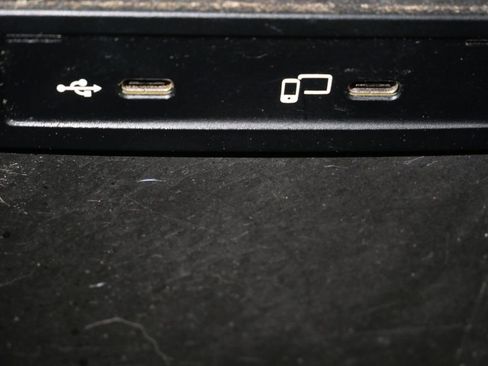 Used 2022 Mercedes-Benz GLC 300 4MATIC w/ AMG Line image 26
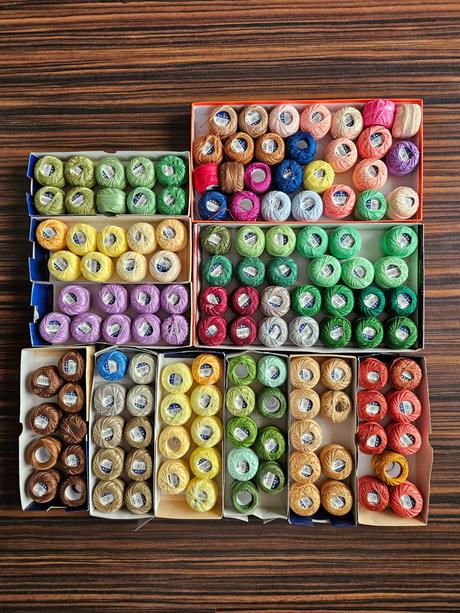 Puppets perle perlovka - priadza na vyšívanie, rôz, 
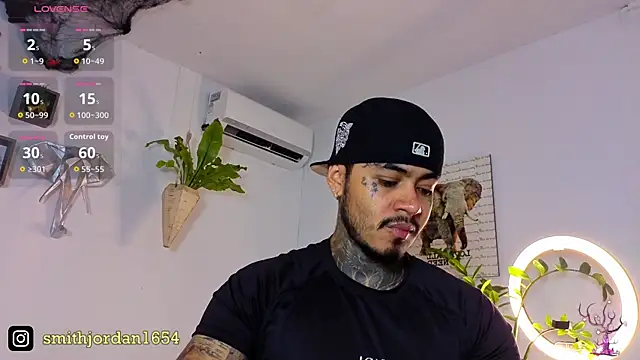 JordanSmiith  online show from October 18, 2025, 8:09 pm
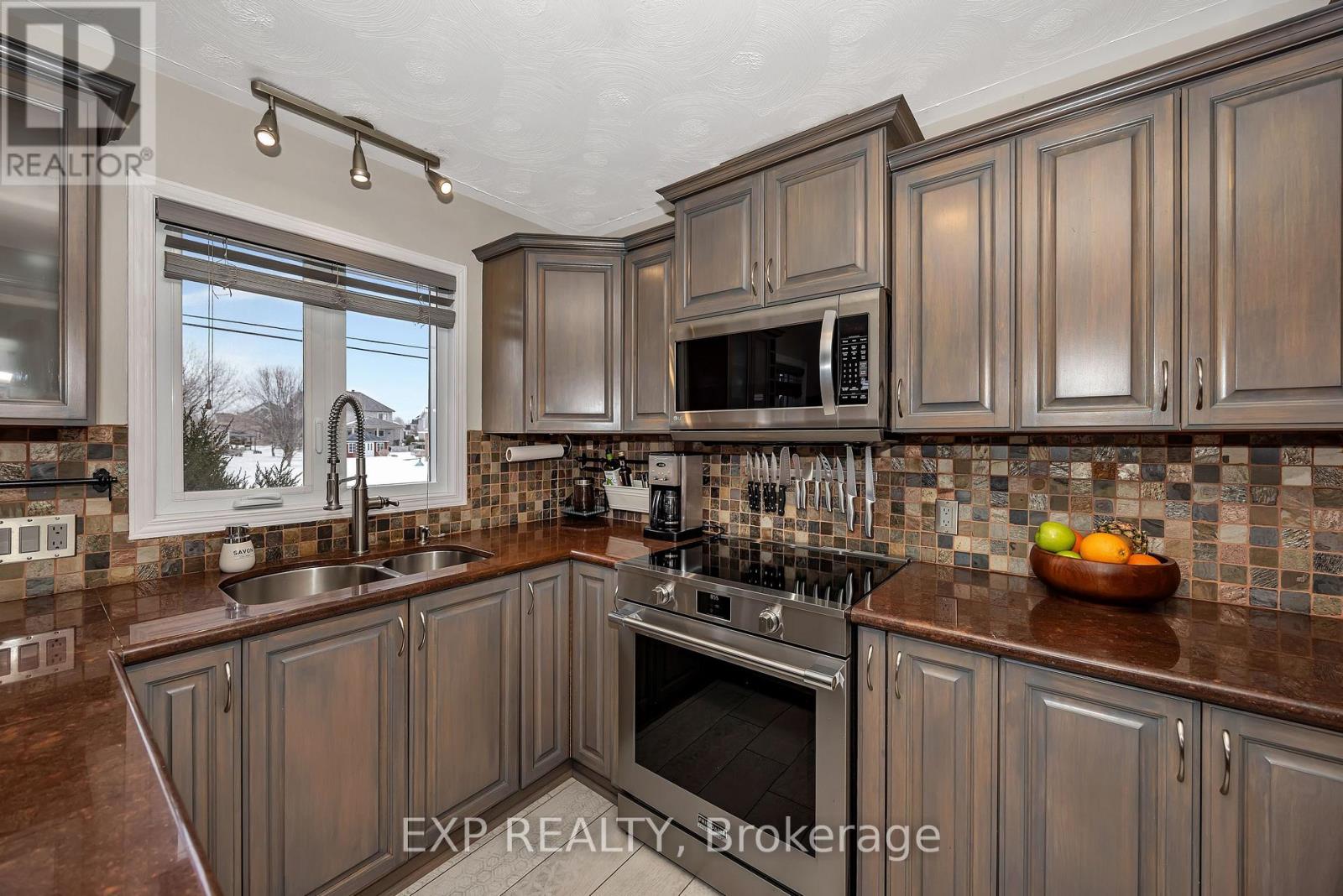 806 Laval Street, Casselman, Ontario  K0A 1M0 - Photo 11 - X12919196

============================================================

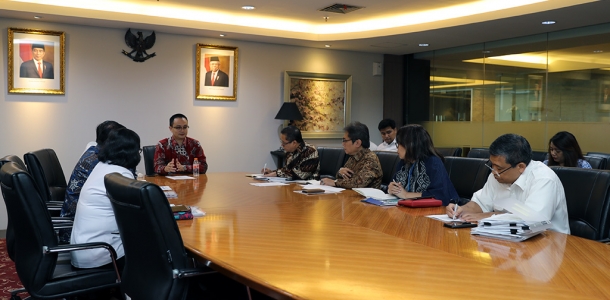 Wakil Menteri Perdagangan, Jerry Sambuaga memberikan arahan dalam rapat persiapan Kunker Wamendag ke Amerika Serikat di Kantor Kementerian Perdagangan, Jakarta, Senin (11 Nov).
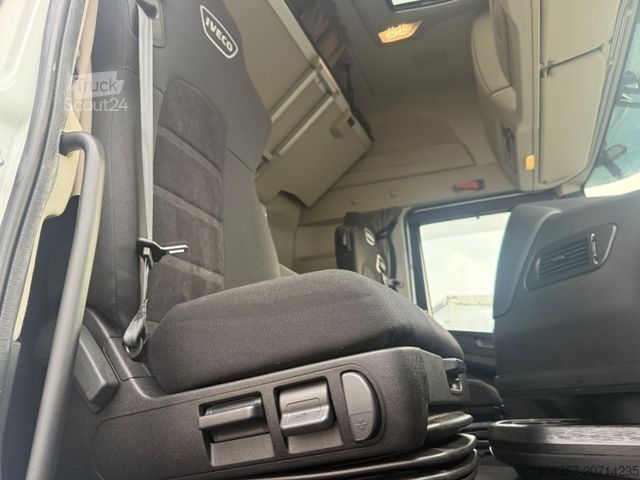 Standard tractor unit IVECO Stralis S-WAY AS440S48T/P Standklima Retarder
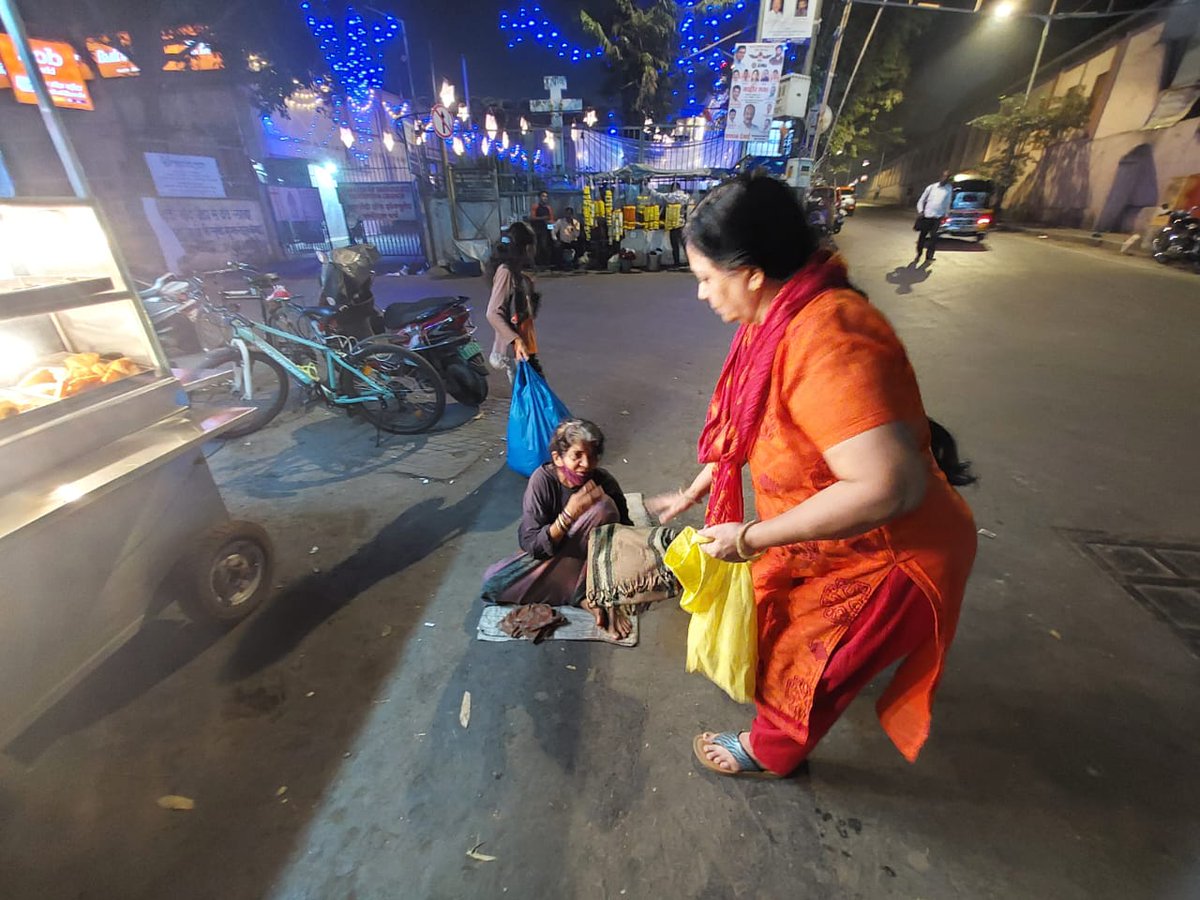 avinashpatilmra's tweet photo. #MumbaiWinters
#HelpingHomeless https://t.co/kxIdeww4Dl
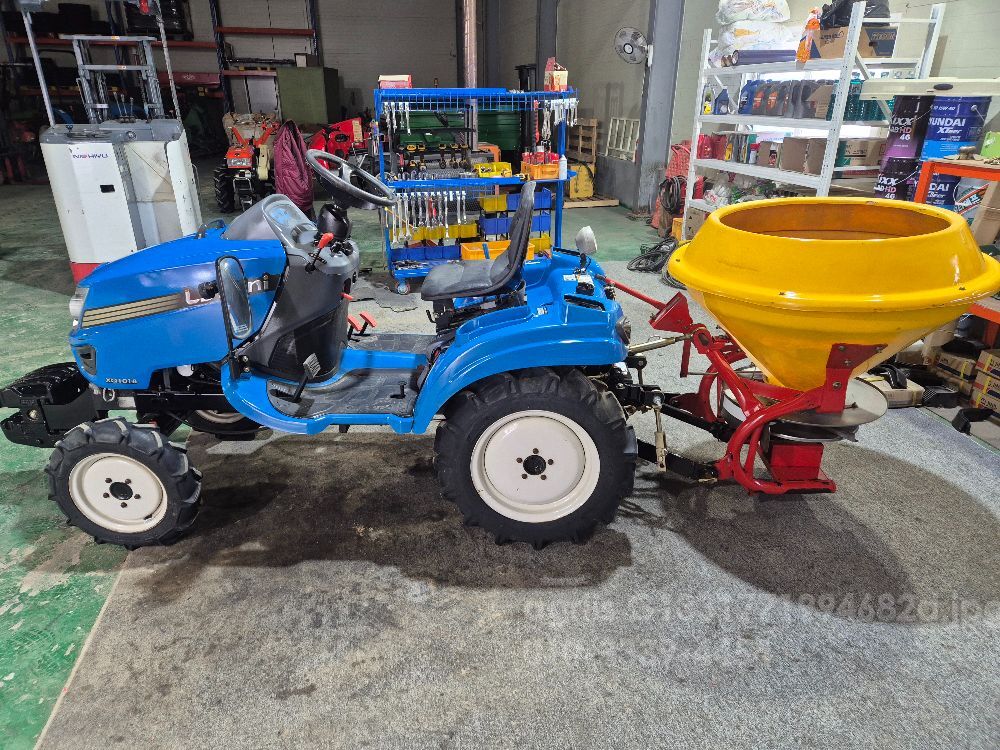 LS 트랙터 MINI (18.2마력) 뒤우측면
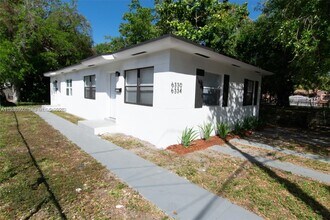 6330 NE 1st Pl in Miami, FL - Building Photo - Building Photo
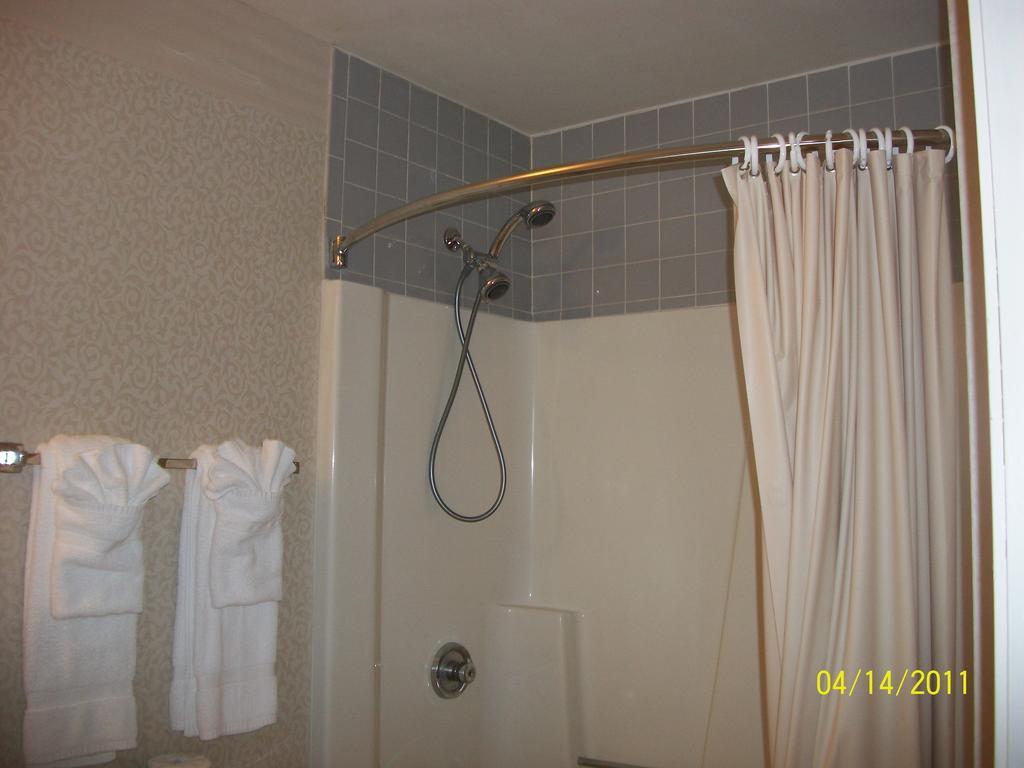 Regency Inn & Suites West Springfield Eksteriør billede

============================================================

- **Exercise prompt**: Repeat exactly, and only, the entries from the line with "Used 2022 Mercedes-Benz" through the line with "806 Laval Street, Casselman, Ontario". Pictures are skipped.

- **Output**:
 Used 2022 Mercedes-Benz GLC 300 4MATIC w/ AMG Line image 26
 Puppets perle perlovka - priadza na vyšívanie, rôz, 
 JordanSmiith  online show from October 18, 2025, 8:09 pm
 806 Laval Street, Casselman, Ontario  K0A 1M0 - Photo 11 - X12919196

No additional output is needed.